▶ **Data supplied**
'''

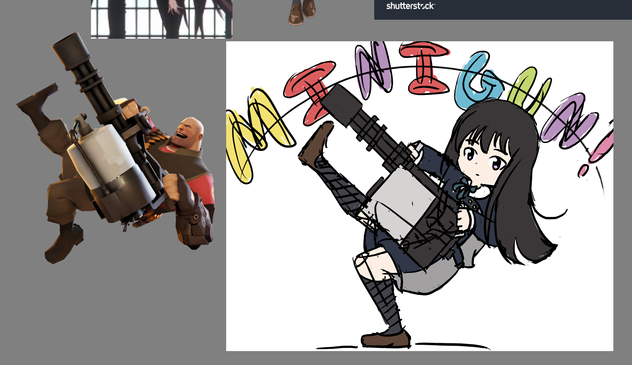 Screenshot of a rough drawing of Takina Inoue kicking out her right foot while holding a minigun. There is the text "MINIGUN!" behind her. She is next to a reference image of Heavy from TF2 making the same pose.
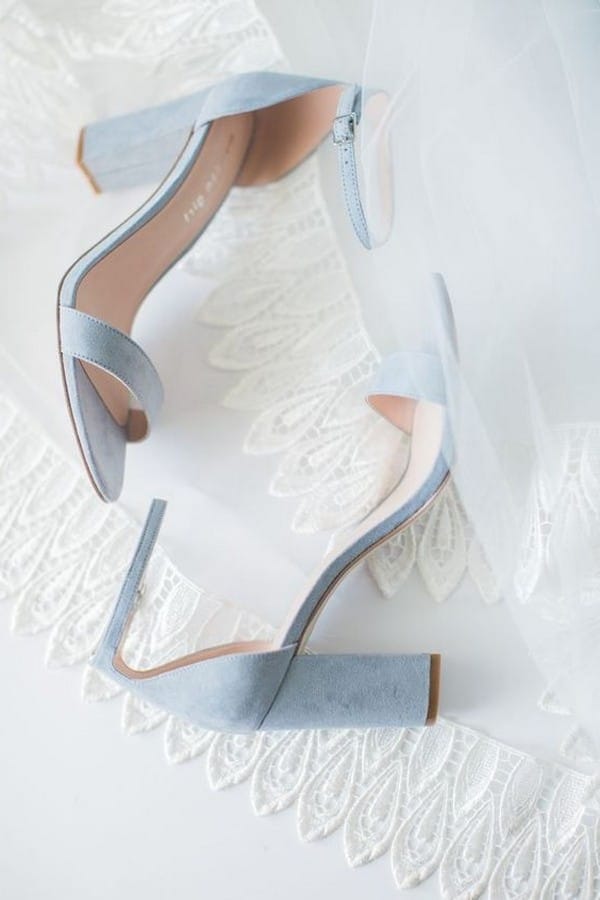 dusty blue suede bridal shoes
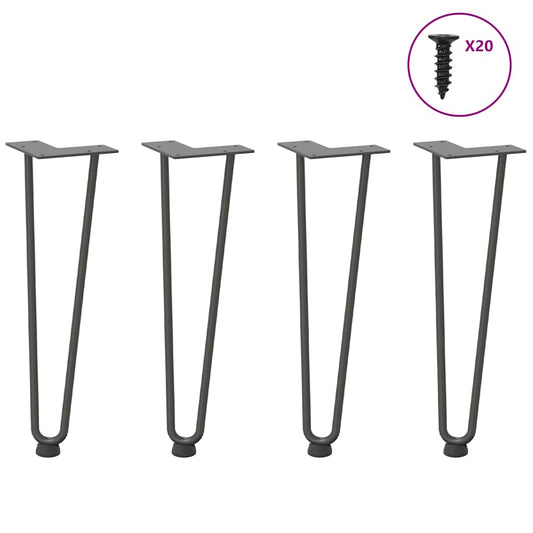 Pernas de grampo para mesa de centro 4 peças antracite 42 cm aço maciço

'''
'''

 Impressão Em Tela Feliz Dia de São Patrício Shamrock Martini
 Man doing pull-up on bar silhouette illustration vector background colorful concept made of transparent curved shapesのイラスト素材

'''

▶ **Task directions**
Here the job is to copy the stretch of records from the line containing "Screenshot of a" through the line containing "Pernas de grampo", word for word. Leave every picture out.

▶ **Problem solution**
 Screenshot of a rough drawing of Takina Inoue kicking out her right foot while holding a minigun. There is the text "MINIGUN!" behind her. She is next to a reference image of Heavy from TF2 making the same pose.
 dusty blue suede bridal shoes
 Pernas de grampo para mesa de centro 4 peças antracite 42 cm aço maciço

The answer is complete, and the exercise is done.